● **Information shown**
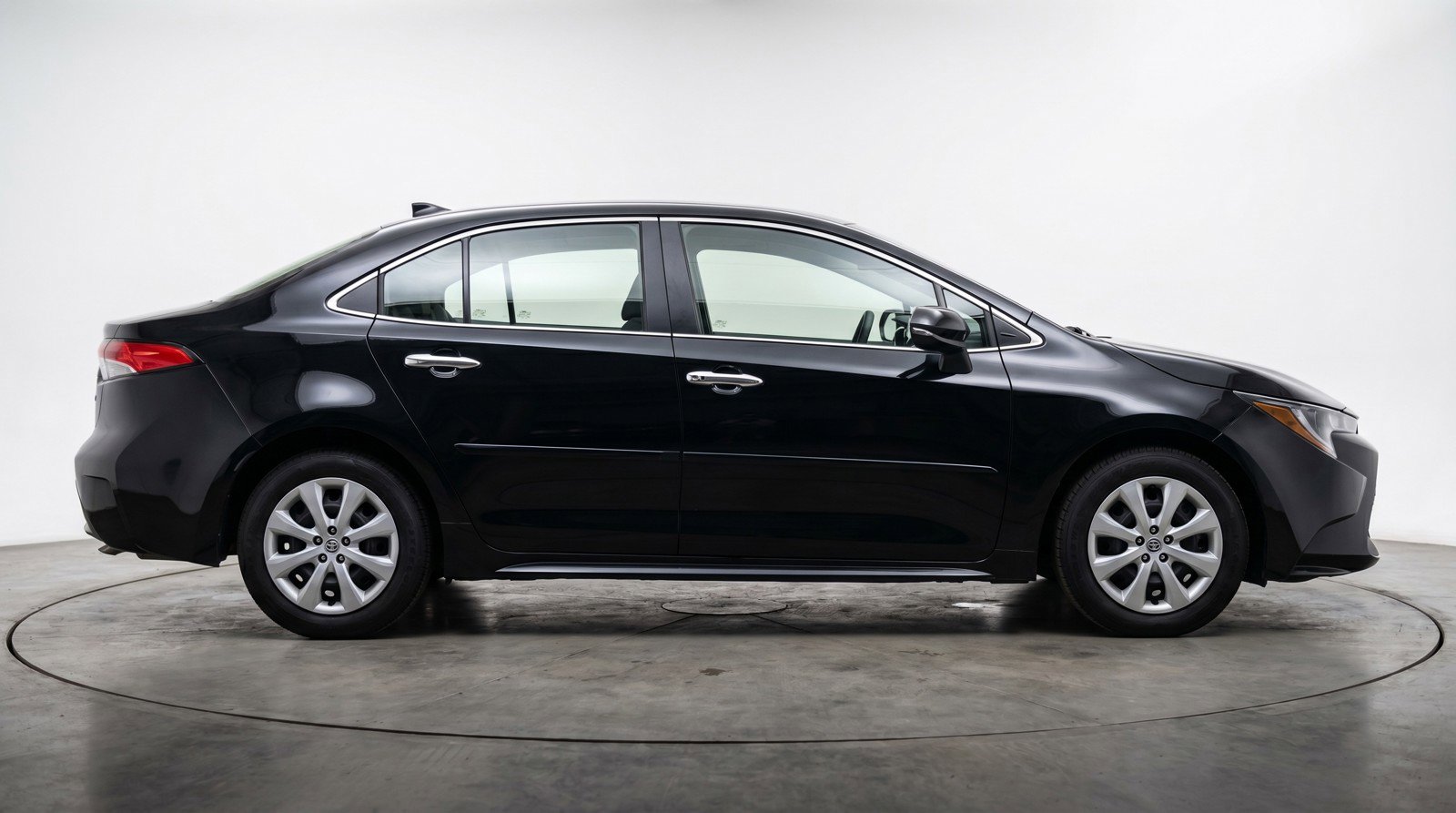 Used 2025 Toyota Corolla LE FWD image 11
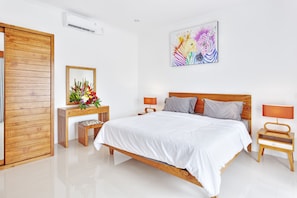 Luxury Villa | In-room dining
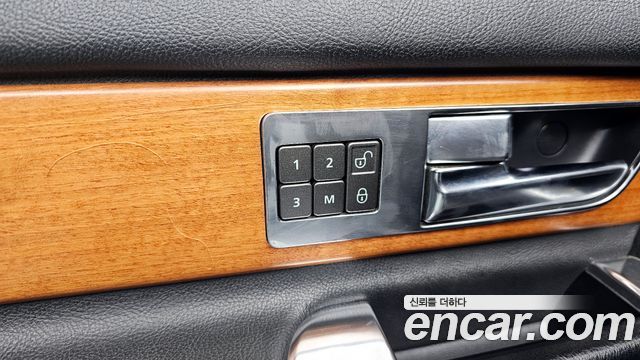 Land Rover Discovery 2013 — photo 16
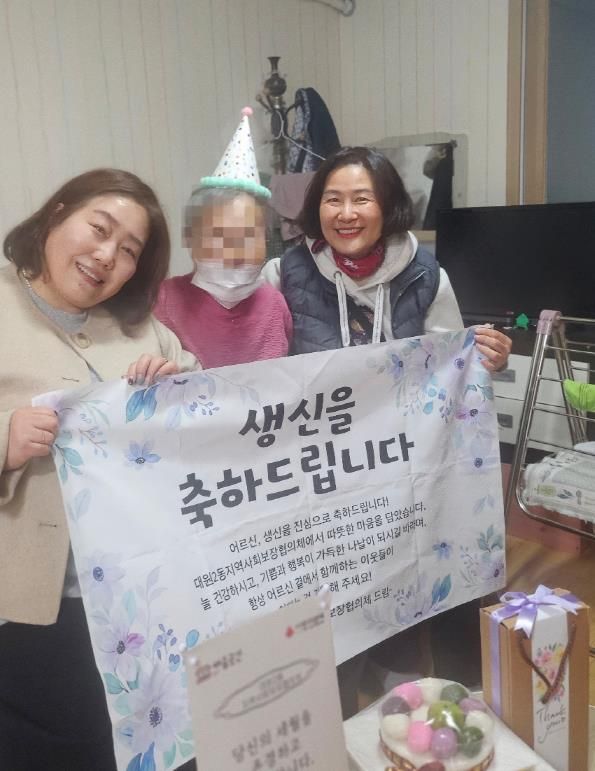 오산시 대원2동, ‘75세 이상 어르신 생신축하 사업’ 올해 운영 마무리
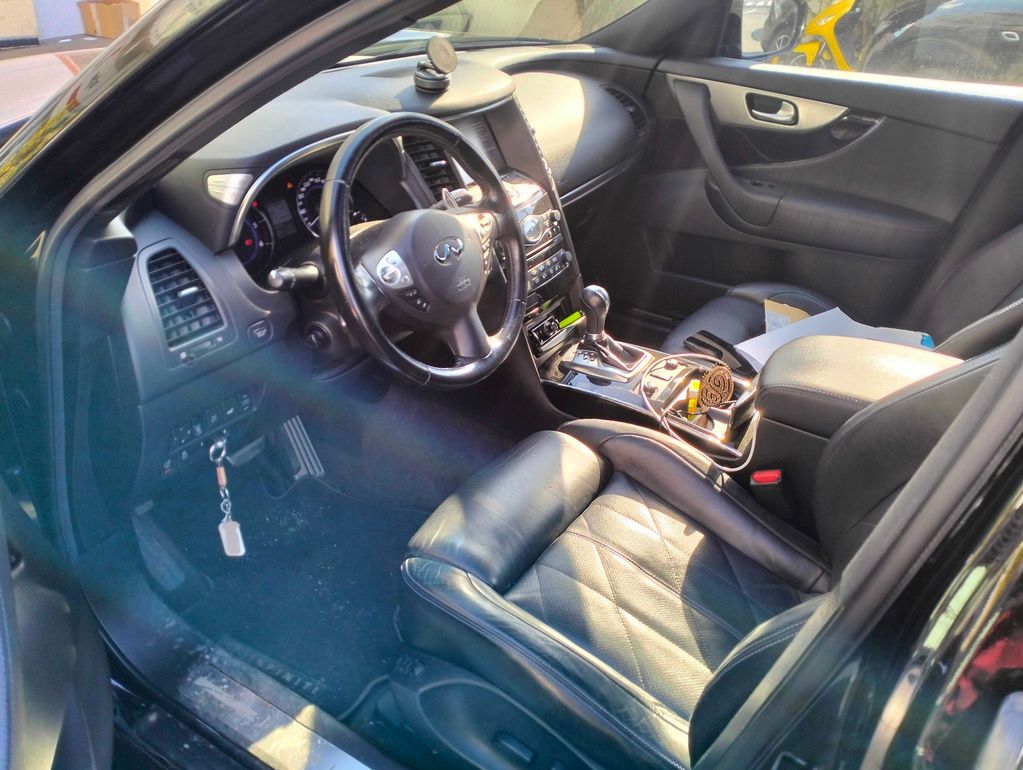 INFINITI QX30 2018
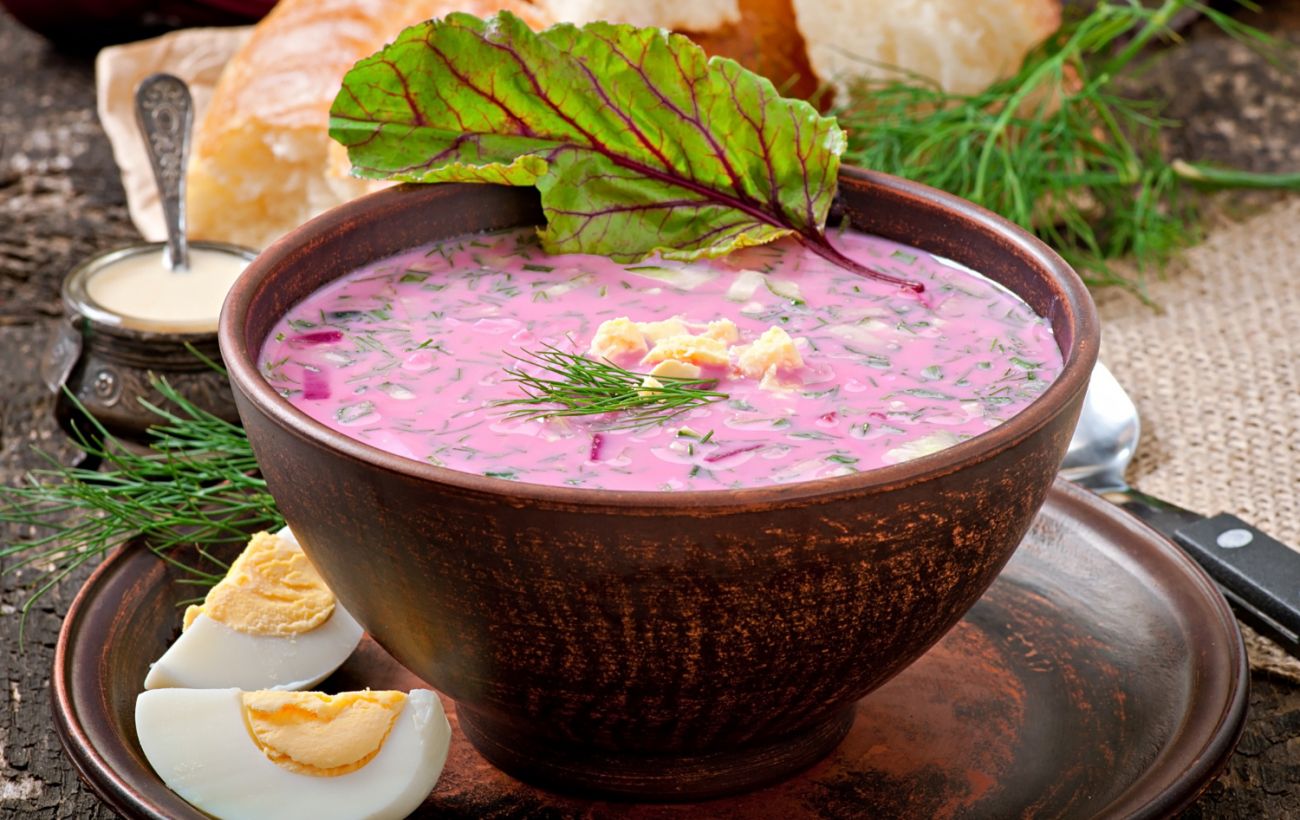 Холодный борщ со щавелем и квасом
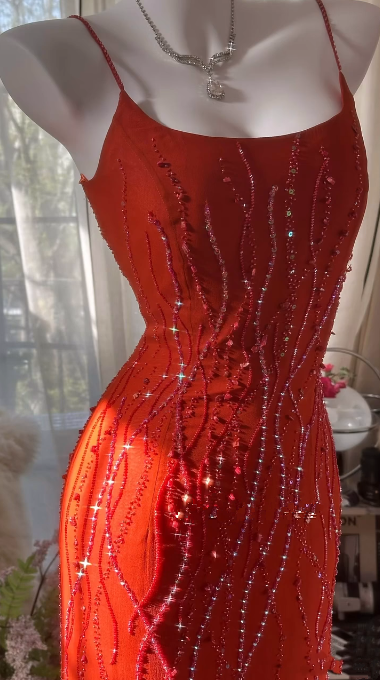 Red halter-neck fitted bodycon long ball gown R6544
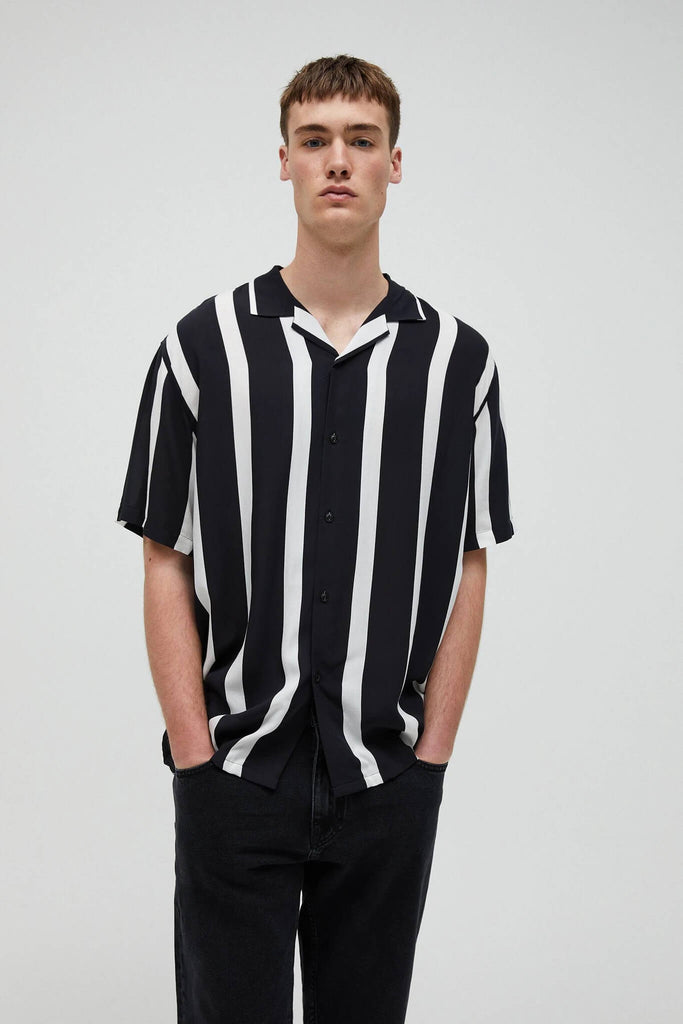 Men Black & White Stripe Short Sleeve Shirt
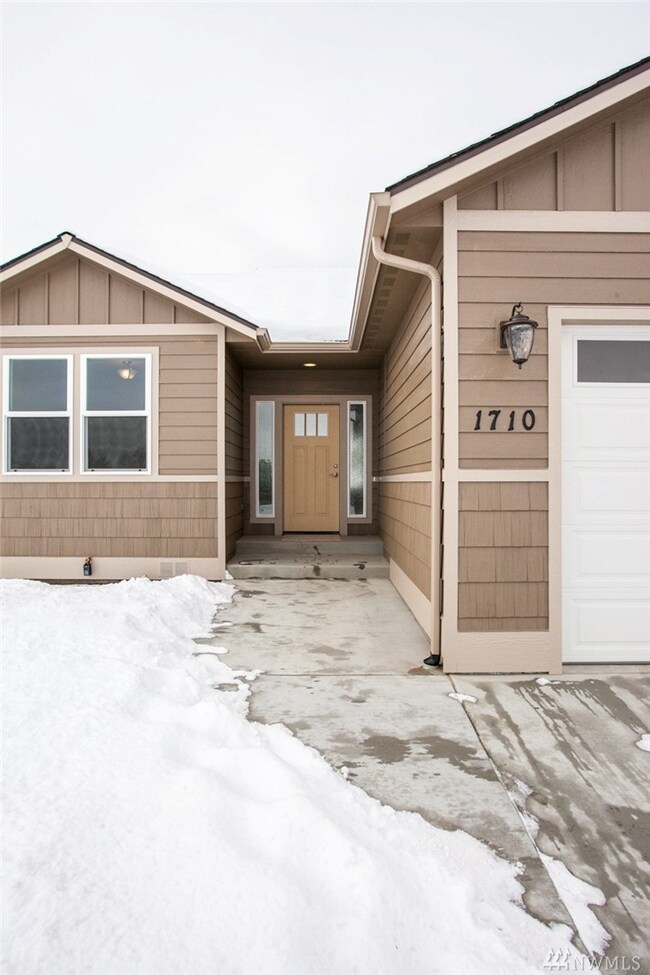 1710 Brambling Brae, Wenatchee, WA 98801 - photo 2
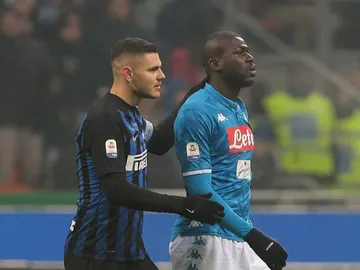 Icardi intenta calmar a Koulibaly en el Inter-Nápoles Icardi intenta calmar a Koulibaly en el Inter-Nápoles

● **Problem to solve**
After locating the line that holds "Red halter-neck fitted", output exactly the lines from it through the last line of the material above, inclusive, without pictures.

● **Result below**
 Red halter-neck fitted bodycon long ball gown R6544
 Men Black & White Stripe Short Sleeve Shirt
 1710 Brambling Brae, Wenatchee, WA 98801 - photo 2
 Icardi intenta calmar a Koulibaly en el Inter-Nápoles Icardi intenta calmar a Koulibaly en el Inter-Nápoles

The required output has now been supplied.